S corporations are very similar to C corporations in terms of their setup and the protection they provide against personal liability for business debts. The main differences between the two are the tax advantages that an S corp offers, and even these are not as pronounced as they once were.
Nevertheless, Chron.com describes some of the ways that an S corporation is different from a C corporation. These are typically restrictions that apply to an S corp but not to a C corp.
1. Only individuals can own an S corp
General partnerships and limited liability companies can have ownership of a C corporation. Sometimes, the owner of a C corp is another corporation. However, only individuals can own S corporations, not other companies.
2. Foreign investors cannot buy shares in an S corporation
Anyone who buys a share of an S corporation has to be either a citizen of the United States or a lawful permanent resident. A naturalized citizen would be eligible, but someone who is still a citizen of a foreign country would not be able to purchase shares in an S corp.

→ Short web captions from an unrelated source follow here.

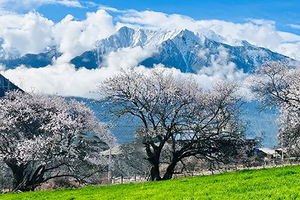 【G318+林芝金川】11日，8人团，林芝桃花+金川梨花+色达+玉隆拉措+德格印经院+强巴林寺+然乌湖+来古冰川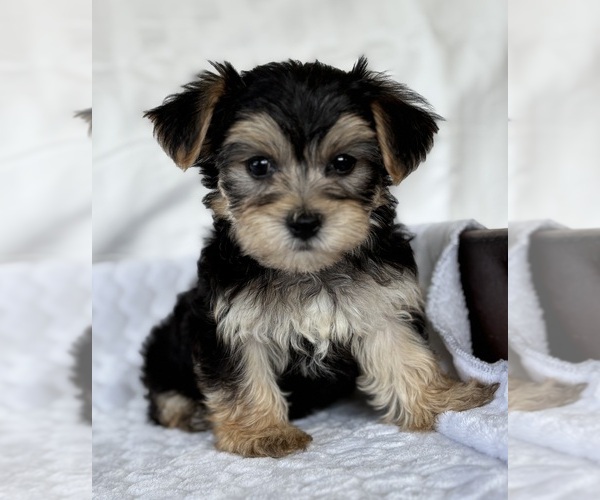 Medium Photo #11 Morkie Puppy For Sale in ROCK STREAM, NY, USA
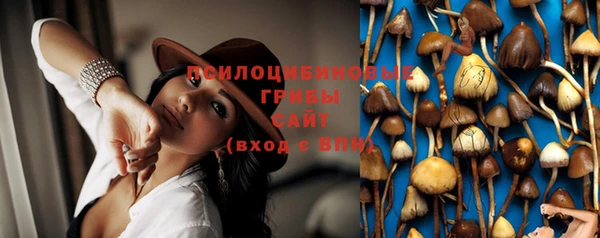 Альфа ПВП Беломорск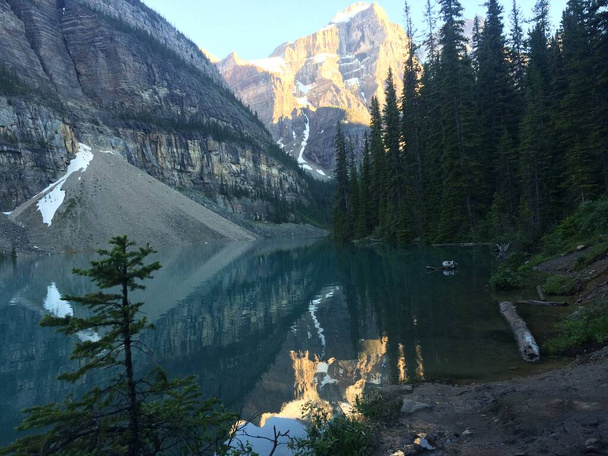 Área del Lago Moraine en el Parque Nacional Banff  - Foto, imagen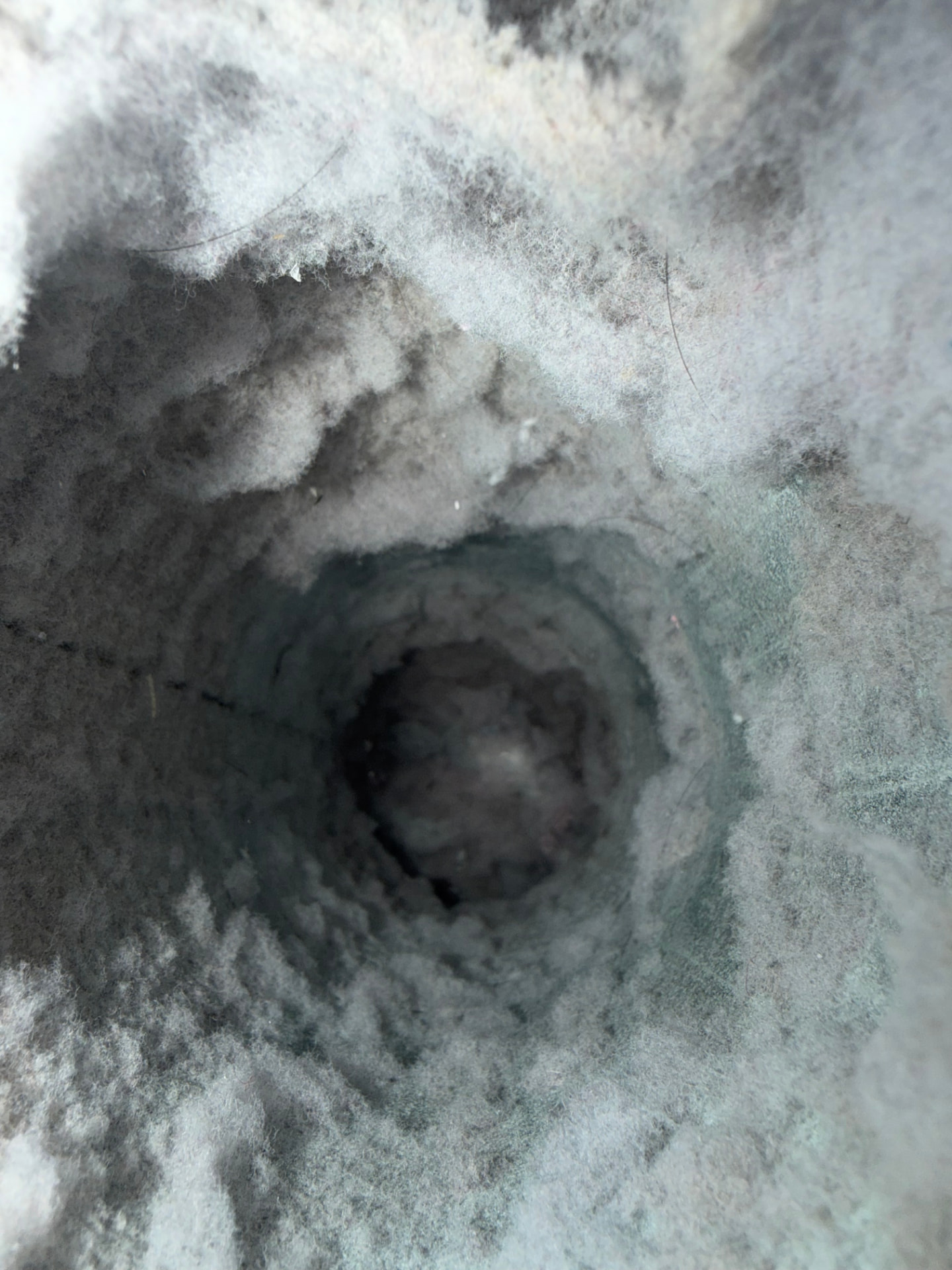 Dryer Vent Cleaning before cleaning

3. There are limits on the number of shareholders an S corporation can have
The maximum number of shareholders allowed in an S corporation is 100. This is in contrast to C corporations, which do not have limits on the number of shareholders they can have.
When a person starts a new corporation and does not specify whether it is a C corp or an S corp, it becomes a C corp by default. If the company meets the requirements, the owner can change it to an S corp later if desired.